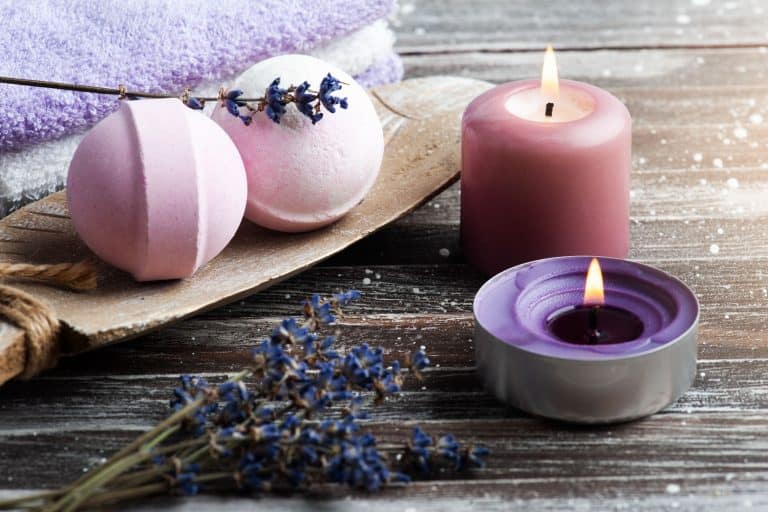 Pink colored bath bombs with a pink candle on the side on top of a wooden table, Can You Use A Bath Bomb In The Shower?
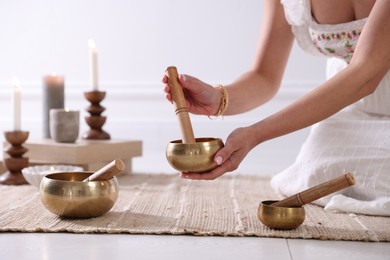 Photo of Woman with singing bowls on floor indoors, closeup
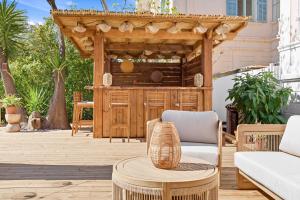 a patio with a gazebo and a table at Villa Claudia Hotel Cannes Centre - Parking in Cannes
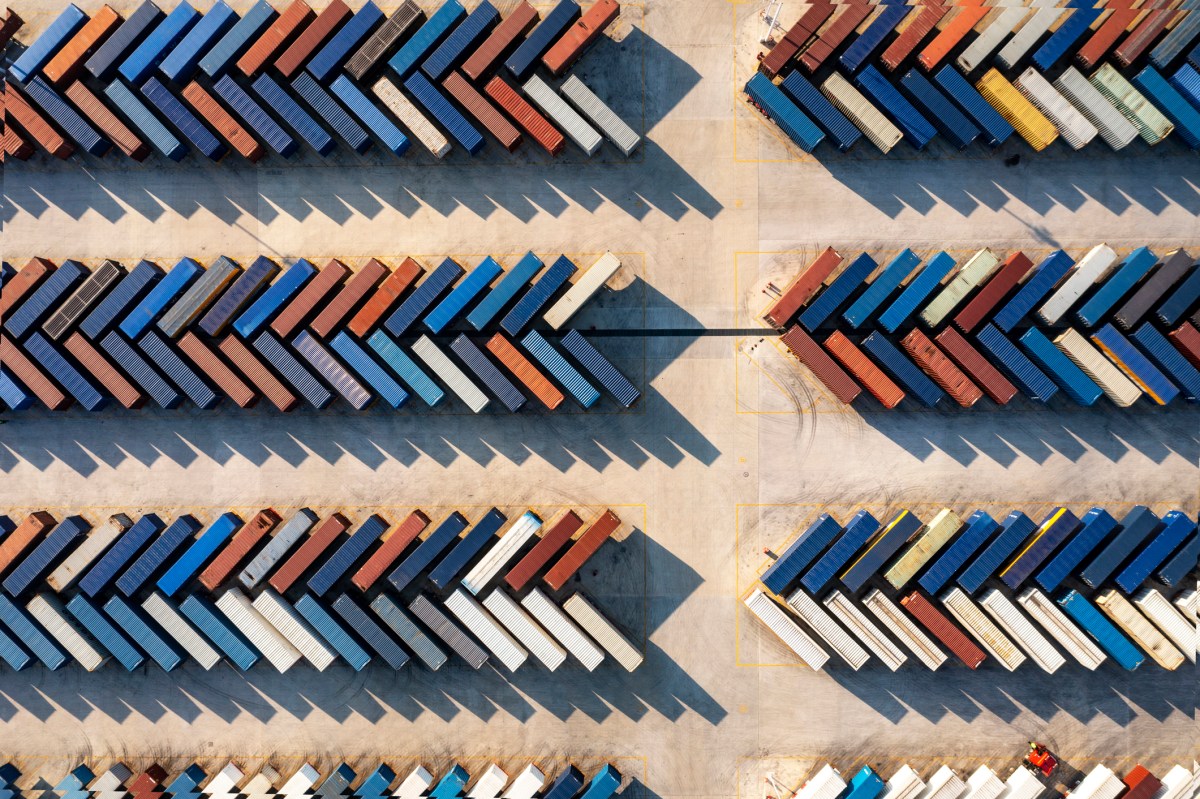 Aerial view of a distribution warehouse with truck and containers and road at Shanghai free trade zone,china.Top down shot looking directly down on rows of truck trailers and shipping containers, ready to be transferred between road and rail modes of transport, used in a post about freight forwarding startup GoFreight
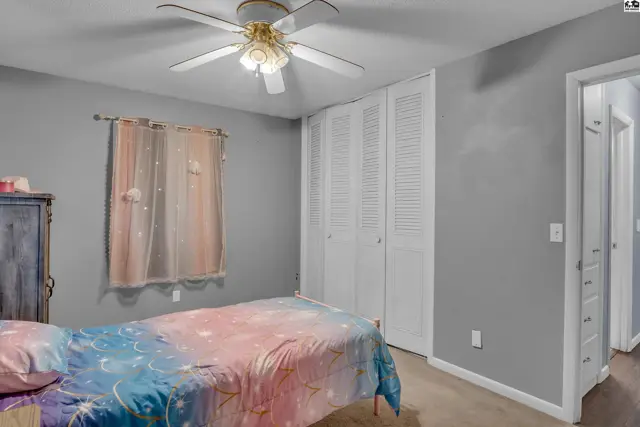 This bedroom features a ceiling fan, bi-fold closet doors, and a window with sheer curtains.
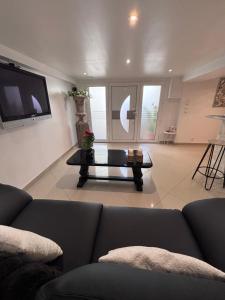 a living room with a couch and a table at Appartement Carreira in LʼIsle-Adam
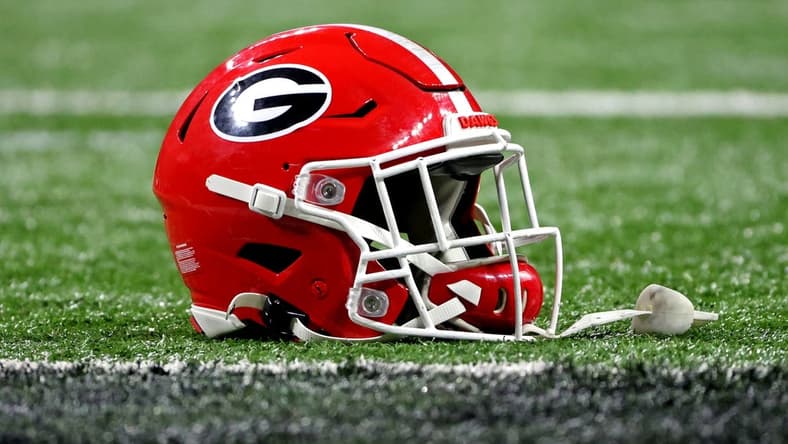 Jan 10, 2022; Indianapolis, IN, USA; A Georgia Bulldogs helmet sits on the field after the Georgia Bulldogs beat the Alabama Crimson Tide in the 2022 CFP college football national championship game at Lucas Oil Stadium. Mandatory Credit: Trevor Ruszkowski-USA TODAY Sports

+---+

*What to work on:*
Return the full material word for word. Do not include the pictures.

*Exercise solution:*
 Pink colored bath bombs with a pink candle on the side on top of a wooden table, Can You Use A Bath Bomb In The Shower?
 Photo of Woman with singing bowls on floor indoors, closeup
 a patio with a gazebo and a table at Villa Claudia Hotel Cannes Centre - Parking in Cannes
 Aerial view of a distribution warehouse with truck and containers and road at Shanghai free trade zone,china.Top down shot looking directly down on rows of truck trailers and shipping containers, ready to be transferred between road and rail modes of transport, used in a post about freight forwarding startup GoFreight
 This bedroom features a ceiling fan, bi-fold closet doors, and a window with sheer curtains.
 a living room with a couch and a table at Appartement Carreira in LʼIsle-Adam
 Jan 10, 2022; Indianapolis, IN, USA; A Georgia Bulldogs helmet sits on the field after the Georgia Bulldogs beat the Alabama Crimson Tide in the 2022 CFP college football national championship game at Lucas Oil Stadium. Mandatory Credit: Trevor Ruszkowski-USA TODAY Sports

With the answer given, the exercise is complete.